Victim of Persecution, c.1938 (about 1938)
About this artwork
From the mid-1920s until the end of his life, August Sander worked on his monumental documentary project ‘People of the 20th Century’, which has been described as a work of cultural and social history executed in the medium of photography. Over 500 are organised into seven groups representing the social structures and professional classes of the time. Group Six, ‘The City’, stands out for its loose arrangement of subjects, ranging from different city ‘types’ to events of everyday urban life. This portrait of an unknown woman is from the portfolio entitled ‘The Persecuted’, which depicts Jewish people who emigrated from Germany or were killed in the Nazi concentration camps. Sander added the portfolio to his project shortly after the end of World War II. It highlights the new absence of the German-Jewish middle classes, who had formed an important part of German social, cultural and economic life during the first half of the century.

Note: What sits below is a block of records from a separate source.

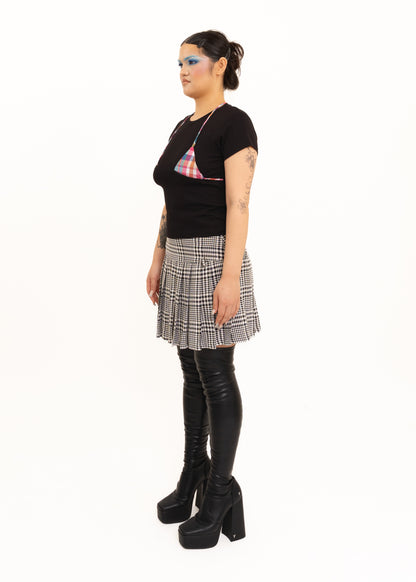 Off Cut Tee- Black + pink tartan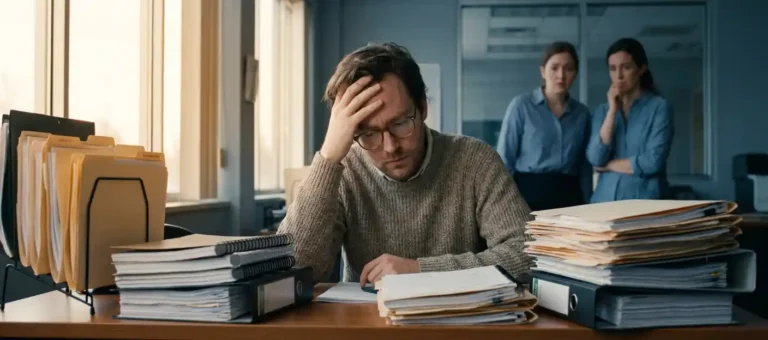 An employee at a modern desk surrounded by tall stacks of files and binders, with coworkers in the background, in a hectic work environment.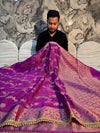 PREMIUM RANI SHADE BANARASI KATAN TISSUE SILK DESIGNER SAREE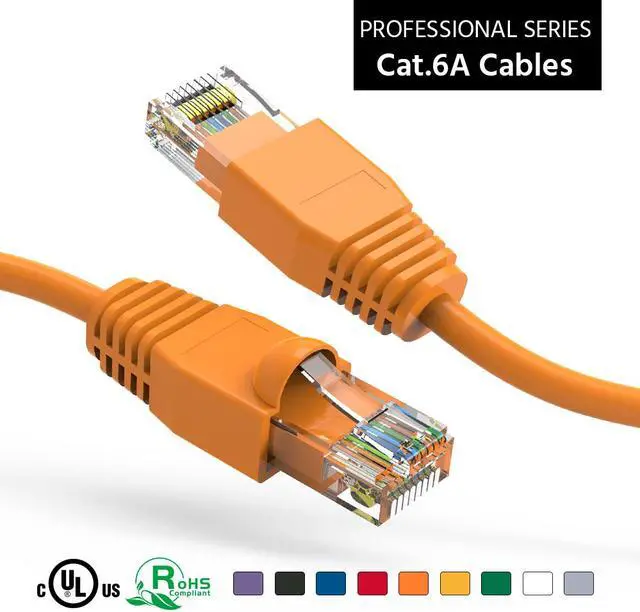 Main image of Nippon Labs 35Ft Cat6A UTP Ethernet Network Booted Cable, 24AWG 35 Feet Gigabit LAN Network Cable RJ45 High Speed Patch Cable, Orange, 60CAT6A-35OR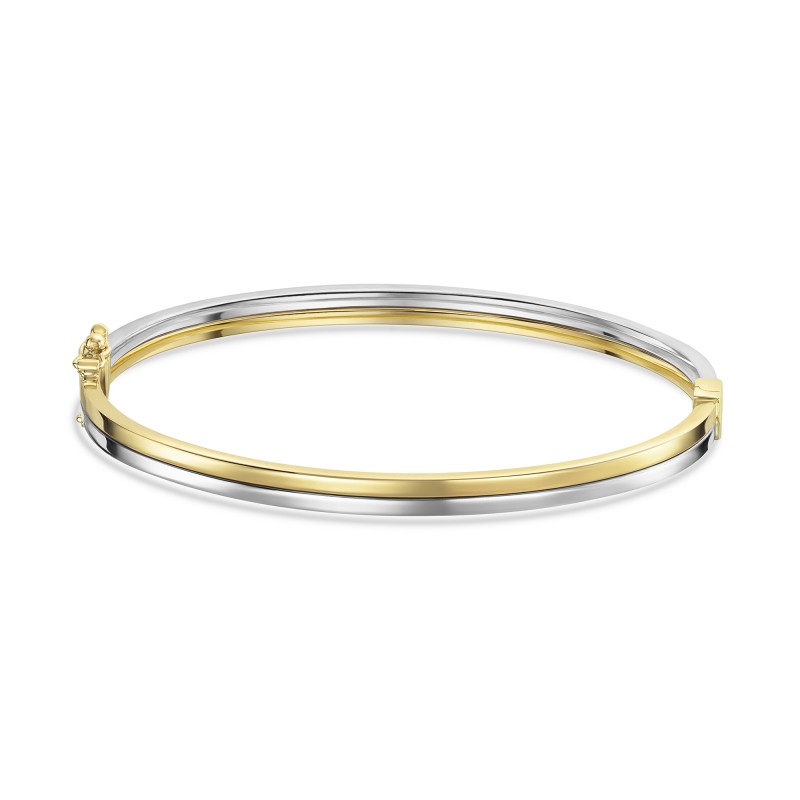 9ct Yellow & White Gold Two-Tone Bangle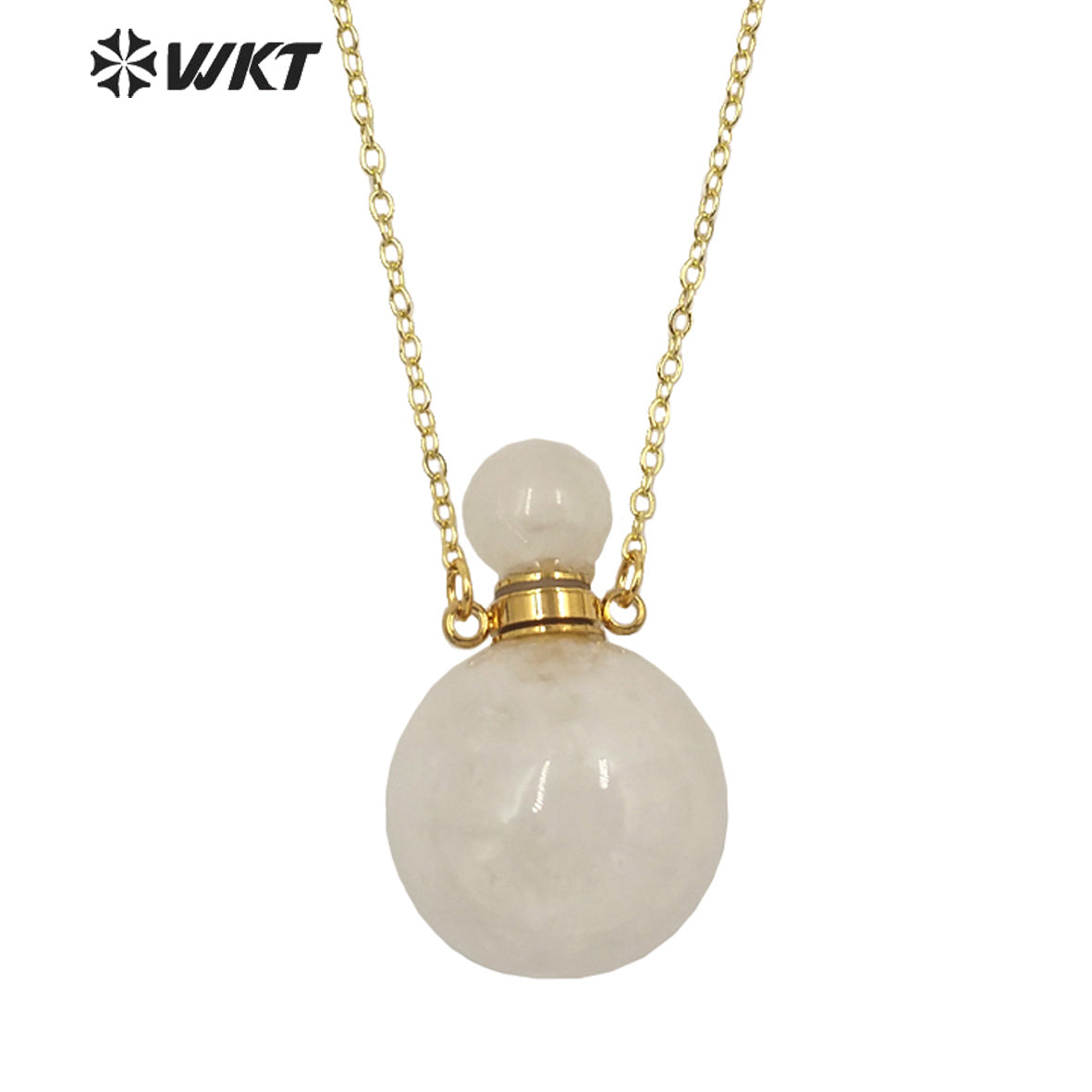WT-N1442 WKT Best 2023 Newest Natural Aura Cluster Quartz Women Simple Hoop Aura Perfume Bottle Necklace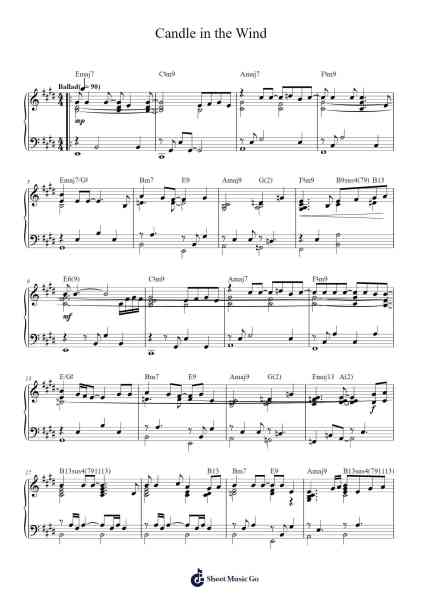 Candle in the Wind Sheet Music by Elton John-Arr.Saslaide Wattvic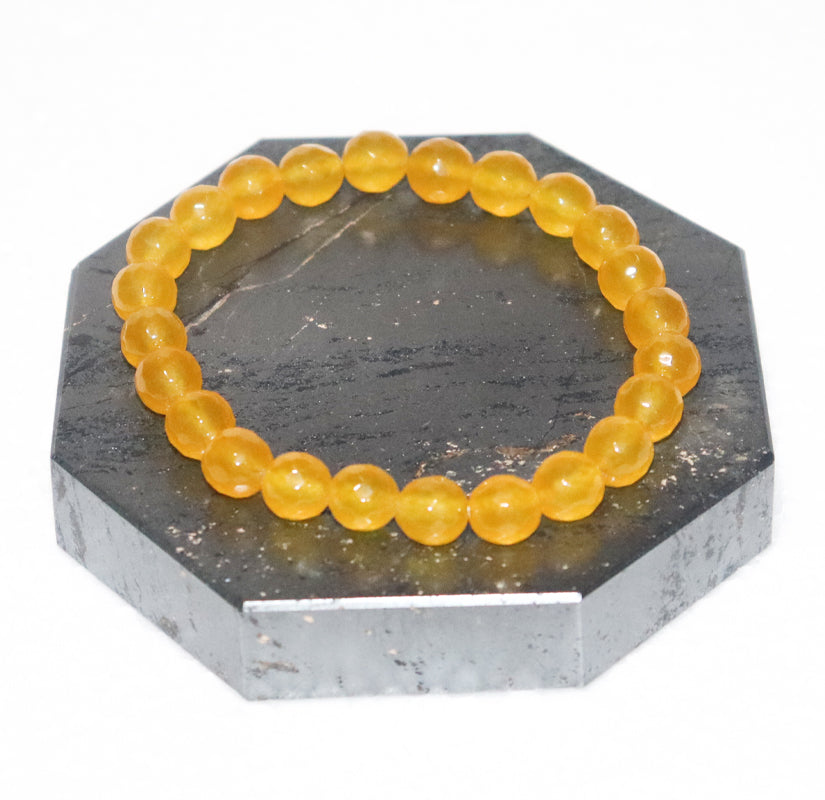 Yellow Jade Diamond Cut Beads(08mm) Bracelet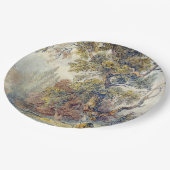 Bäume und Teich (von John Ruskin) Pappteller (Schrägansicht)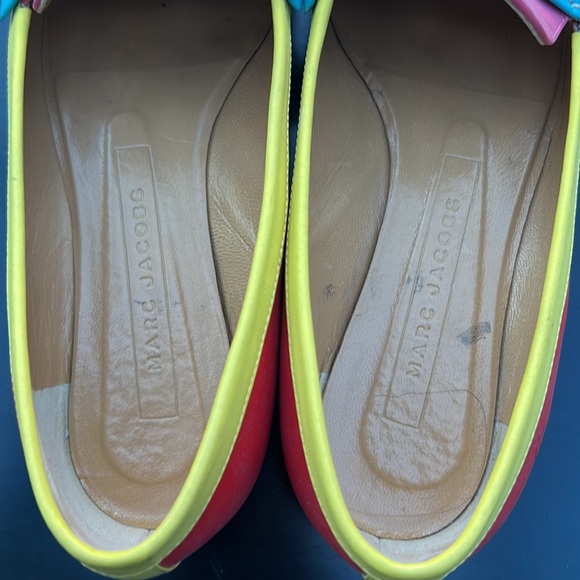 Marc Jacobs Leather Loafers Color Blocked Sz 36.5/6.5 Pink Red Yellow Turquoise - Picture 4 of 10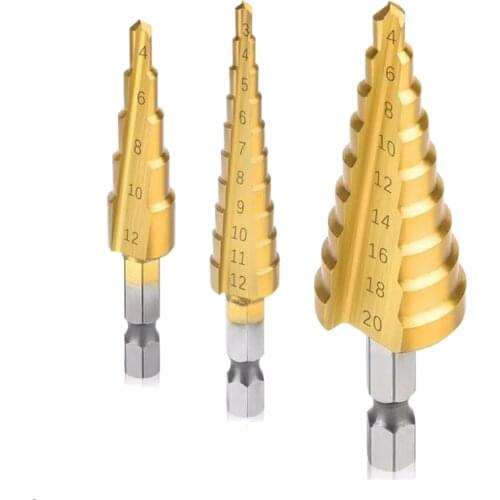 HSS Step Drill Bit Set of 3, 3-12mm 4-12mm 4-20mm Cone Titanium Wood Metal Hole Cutter Hex Shank Drive Quick Change Tool
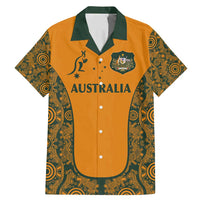 Custom Australia Rugby Championship 2024 Family Matching Mermaid Dress and Hawaiian Shirt Aboriginal Art Tattoo Pattern LT03 Dad's Shirt - Short Sleeve Yellow - Polynesian Pride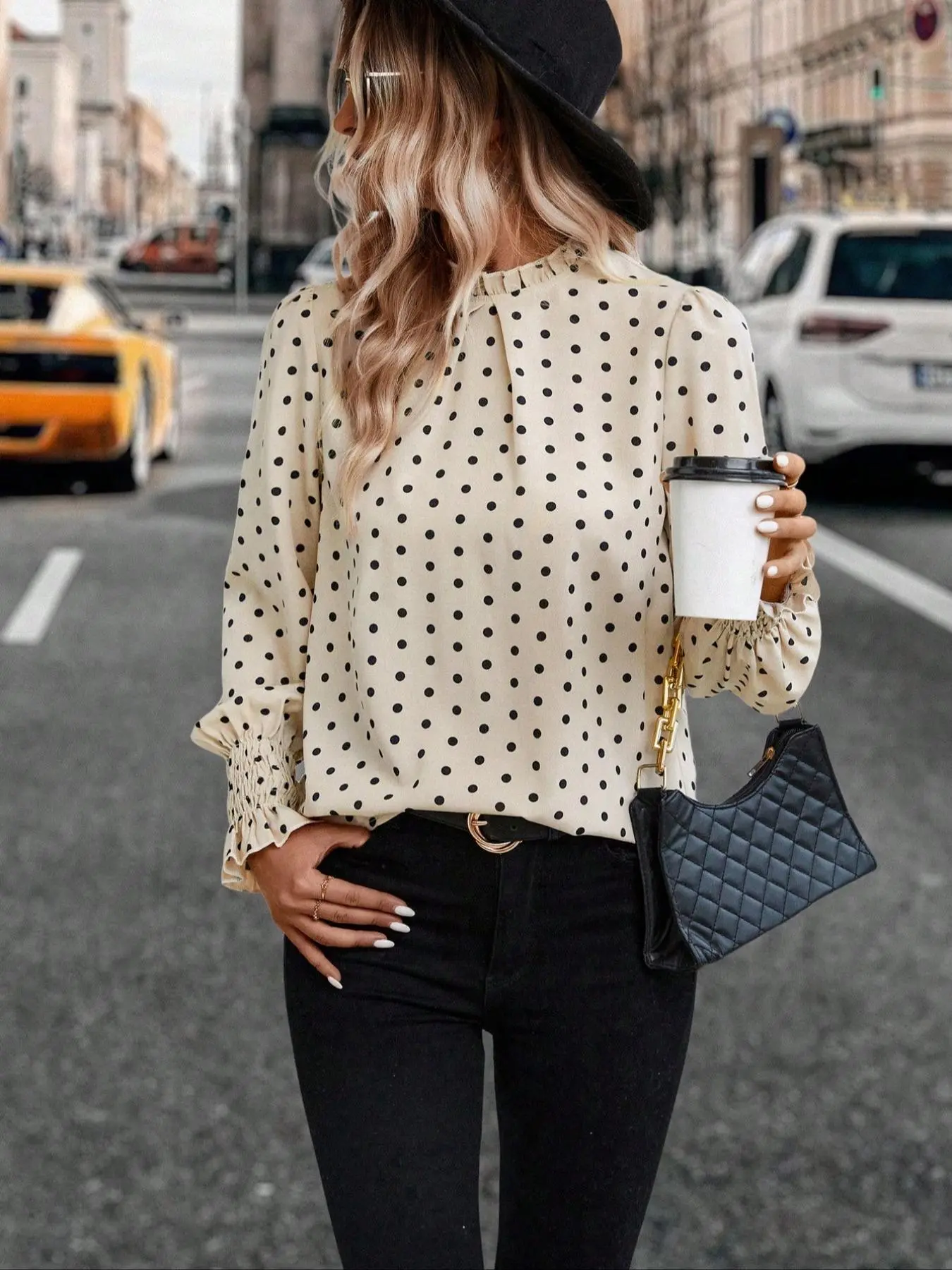 Women's Polka Dot Print Blouse, Casual Elegant Long Sleeve Top for Daily Wear, Ladies Clothes for All Seasons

- title: Victim of Persecution, c.1938
- accession number: AL00110
- artist: August SanderGerman (1874 - 1964)
- gallery: In Storage
- object type: Photograph
- materials: Black and white photograph on paper
- date created: about 1938
- measurements: 26.00 x 20.20 cm (paper 44.00 x 33.90 cm; mount: 46.00 x 36.00 cm) (framed: 48.20 x 38.20 x 3.20 cm)
- credit line: ARTIST ROOMS National Galleries of Scotland and Tate. Lent by Anthony d'Offay 2010
- copyright: © Photograph. Samml. / SK Stiftung Kultur - A. Sander Archiv, Köln /VG Bild-Kunst, Bonn and DACS, London 2016.
Considered one of the finest photographers of the twentieth century, Sander's bold style of portrait photography, as well as his typological approach, has had an enormous influence on modern photography. During his apprenticeship in several German studios and his time in his own studio in Austria, he developed his individual style. Then in 1910 Sander moved to Cologne and produced his first large group of photographs, which he later included in his concept "People of the 20th Century". This was created in the mid-1920s and compiled up until the 1950s. He photographed groups of people in his native Germany, classifying them according to their occupations and positions in society.